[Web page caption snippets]
□ □ □ □

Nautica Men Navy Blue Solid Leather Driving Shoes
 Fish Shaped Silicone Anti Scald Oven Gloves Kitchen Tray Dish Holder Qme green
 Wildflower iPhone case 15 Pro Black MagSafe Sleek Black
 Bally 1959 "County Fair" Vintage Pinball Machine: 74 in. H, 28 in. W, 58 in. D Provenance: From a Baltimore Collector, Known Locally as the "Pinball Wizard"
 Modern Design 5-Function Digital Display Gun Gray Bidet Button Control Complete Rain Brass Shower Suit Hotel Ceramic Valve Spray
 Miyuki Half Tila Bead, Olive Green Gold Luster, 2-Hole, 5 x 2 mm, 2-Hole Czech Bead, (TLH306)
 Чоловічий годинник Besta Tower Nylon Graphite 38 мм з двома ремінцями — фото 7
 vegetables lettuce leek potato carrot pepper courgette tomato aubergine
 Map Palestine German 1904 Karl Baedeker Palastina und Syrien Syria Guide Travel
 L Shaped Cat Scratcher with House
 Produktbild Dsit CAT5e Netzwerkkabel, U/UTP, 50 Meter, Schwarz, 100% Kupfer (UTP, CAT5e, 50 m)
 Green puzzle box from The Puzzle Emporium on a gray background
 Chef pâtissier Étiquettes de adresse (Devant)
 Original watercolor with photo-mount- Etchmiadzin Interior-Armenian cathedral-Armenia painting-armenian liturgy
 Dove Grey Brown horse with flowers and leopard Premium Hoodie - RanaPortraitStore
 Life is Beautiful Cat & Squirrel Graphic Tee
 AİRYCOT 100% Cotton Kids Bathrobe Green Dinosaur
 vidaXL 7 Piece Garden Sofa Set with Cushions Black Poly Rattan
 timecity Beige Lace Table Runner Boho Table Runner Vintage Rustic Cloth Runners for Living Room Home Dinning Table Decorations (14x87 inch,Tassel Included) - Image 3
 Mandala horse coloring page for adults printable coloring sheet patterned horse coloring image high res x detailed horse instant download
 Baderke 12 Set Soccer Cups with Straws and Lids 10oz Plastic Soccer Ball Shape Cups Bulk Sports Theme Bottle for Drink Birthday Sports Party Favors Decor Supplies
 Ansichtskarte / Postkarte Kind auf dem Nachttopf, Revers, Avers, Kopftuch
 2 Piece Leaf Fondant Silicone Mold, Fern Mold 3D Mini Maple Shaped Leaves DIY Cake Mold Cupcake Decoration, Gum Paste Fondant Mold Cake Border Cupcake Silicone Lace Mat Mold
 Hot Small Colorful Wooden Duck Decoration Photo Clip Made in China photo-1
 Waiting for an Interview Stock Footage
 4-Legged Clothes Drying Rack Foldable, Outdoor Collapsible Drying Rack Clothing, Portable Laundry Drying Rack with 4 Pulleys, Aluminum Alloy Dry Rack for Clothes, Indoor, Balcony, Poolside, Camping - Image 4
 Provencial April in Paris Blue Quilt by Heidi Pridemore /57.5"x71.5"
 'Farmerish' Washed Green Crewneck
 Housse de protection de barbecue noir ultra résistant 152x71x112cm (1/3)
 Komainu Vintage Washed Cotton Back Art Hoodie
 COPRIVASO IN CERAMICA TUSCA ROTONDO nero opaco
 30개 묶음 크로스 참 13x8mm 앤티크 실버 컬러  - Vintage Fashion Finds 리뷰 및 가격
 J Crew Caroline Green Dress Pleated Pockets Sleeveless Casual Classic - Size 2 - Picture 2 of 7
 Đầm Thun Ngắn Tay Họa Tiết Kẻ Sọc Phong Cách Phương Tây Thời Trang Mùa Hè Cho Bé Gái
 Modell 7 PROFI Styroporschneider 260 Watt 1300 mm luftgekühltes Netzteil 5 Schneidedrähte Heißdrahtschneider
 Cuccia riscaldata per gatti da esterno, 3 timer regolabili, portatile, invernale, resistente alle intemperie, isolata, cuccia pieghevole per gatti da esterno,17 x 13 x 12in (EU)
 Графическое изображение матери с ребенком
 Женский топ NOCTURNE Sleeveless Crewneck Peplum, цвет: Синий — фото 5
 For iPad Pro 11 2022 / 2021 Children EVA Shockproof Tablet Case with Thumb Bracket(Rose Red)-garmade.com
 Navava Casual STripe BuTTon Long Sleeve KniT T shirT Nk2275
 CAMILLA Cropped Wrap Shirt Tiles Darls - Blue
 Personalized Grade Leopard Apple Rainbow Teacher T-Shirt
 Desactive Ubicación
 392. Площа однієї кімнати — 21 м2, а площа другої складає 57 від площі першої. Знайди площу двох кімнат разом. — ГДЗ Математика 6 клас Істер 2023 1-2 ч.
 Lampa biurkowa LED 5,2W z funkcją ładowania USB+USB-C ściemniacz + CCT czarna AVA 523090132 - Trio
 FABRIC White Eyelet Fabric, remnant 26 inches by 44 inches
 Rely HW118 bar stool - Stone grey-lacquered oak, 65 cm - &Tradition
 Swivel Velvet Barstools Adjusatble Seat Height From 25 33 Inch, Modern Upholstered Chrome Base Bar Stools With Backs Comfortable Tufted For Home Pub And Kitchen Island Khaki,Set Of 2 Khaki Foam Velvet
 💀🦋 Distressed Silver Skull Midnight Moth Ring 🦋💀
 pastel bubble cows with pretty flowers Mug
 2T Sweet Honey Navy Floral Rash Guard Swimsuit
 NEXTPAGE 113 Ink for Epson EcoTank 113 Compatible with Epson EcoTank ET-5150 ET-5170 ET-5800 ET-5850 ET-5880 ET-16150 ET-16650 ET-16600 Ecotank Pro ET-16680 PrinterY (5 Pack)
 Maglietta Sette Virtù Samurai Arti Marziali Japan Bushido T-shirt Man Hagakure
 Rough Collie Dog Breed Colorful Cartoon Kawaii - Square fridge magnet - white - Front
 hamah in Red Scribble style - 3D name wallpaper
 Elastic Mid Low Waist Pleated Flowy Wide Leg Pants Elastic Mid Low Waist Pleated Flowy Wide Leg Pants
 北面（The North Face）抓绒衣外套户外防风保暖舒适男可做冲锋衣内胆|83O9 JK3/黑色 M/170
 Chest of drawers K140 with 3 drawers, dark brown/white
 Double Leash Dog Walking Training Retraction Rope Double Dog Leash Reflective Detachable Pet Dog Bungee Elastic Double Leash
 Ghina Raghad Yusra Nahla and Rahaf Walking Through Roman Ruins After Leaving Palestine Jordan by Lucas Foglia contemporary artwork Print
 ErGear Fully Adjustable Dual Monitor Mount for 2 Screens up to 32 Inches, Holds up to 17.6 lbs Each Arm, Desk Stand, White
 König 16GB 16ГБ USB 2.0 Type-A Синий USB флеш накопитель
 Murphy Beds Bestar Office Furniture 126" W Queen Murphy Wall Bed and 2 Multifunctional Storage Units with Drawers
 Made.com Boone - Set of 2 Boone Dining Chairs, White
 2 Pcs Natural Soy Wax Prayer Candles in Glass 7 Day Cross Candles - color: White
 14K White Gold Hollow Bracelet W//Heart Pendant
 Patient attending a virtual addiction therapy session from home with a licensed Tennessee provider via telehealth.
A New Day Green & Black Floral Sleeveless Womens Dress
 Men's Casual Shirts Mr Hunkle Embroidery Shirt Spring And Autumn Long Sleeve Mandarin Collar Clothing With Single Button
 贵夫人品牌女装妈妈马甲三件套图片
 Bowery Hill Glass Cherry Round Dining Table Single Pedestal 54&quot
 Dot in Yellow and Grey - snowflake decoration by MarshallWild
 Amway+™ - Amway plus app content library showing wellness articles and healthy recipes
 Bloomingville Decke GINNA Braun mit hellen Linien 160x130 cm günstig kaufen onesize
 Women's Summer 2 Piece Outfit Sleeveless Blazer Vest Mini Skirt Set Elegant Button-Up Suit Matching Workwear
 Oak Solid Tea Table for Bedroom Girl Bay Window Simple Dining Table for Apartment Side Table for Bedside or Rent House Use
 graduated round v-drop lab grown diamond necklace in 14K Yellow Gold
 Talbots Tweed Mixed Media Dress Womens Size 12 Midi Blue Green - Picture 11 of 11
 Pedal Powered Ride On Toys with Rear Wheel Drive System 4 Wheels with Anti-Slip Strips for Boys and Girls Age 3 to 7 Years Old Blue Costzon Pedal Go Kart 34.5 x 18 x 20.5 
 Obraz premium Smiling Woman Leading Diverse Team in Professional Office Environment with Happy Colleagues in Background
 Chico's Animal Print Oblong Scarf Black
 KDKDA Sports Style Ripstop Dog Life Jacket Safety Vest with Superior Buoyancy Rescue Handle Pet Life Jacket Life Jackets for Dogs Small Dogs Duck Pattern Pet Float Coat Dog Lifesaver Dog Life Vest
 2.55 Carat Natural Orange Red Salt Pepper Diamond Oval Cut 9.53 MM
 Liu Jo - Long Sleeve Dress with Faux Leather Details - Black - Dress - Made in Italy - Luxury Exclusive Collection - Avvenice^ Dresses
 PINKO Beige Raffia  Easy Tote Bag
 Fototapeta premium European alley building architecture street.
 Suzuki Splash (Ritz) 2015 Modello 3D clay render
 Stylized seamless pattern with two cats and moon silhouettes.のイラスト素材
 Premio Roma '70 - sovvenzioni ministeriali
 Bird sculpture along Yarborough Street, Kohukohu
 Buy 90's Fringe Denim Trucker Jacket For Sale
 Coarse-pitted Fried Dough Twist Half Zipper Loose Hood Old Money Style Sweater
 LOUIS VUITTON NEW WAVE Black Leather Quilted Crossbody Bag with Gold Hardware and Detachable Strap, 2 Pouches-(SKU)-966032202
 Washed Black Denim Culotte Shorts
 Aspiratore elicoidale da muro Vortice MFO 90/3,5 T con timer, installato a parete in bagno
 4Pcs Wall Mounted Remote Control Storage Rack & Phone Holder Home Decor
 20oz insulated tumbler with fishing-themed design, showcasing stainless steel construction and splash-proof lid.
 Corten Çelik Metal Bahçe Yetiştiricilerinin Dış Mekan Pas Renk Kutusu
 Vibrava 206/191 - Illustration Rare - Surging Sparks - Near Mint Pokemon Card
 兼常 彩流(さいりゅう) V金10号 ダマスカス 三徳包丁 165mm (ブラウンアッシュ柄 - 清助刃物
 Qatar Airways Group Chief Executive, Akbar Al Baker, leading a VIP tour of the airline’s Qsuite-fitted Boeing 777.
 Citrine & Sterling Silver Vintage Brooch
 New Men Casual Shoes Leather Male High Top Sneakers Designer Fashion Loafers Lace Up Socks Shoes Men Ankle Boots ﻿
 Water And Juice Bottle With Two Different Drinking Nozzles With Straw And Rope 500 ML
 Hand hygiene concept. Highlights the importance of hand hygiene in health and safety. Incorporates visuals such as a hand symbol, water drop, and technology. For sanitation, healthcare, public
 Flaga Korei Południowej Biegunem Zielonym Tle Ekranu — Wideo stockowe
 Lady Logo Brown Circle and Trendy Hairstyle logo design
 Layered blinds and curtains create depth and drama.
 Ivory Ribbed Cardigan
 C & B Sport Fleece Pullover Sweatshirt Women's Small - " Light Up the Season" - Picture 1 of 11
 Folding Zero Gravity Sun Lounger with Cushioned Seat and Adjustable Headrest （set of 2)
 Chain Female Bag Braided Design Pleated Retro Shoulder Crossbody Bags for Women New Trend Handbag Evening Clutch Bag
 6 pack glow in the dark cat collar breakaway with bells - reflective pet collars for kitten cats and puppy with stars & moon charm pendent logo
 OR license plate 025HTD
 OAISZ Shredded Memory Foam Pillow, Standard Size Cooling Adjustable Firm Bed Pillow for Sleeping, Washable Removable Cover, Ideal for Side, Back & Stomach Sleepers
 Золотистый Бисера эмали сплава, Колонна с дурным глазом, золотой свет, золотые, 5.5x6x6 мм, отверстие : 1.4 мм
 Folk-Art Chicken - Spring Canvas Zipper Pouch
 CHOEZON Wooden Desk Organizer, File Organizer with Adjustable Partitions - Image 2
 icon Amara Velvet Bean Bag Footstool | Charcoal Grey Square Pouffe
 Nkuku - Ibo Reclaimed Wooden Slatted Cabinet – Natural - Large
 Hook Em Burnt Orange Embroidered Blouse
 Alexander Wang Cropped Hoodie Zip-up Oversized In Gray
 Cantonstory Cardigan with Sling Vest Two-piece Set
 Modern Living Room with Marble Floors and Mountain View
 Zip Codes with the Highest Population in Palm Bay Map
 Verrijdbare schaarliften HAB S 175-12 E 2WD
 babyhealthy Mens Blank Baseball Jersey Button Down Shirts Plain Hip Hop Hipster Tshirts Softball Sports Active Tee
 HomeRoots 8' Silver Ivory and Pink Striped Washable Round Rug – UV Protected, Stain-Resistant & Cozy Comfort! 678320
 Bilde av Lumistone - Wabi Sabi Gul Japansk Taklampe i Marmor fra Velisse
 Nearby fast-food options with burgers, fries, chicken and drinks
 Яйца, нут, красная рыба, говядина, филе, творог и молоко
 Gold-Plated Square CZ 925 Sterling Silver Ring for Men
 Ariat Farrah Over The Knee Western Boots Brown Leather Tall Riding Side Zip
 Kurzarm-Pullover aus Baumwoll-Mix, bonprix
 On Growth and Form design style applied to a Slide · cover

□ □ □ □

### Task statement
The line with "Gold-Plated Square CZ" through the last line of the data: write these out exactly, and no others.

### Written solution
 Gold-Plated Square CZ 925 Sterling Silver Ring for Men
 Ariat Farrah Over The Knee Western Boots Brown Leather Tall Riding Side Zip
 Kurzarm-Pullover aus Baumwoll-Mix, bonprix
 On Growth and Form design style applied to a Slide · cover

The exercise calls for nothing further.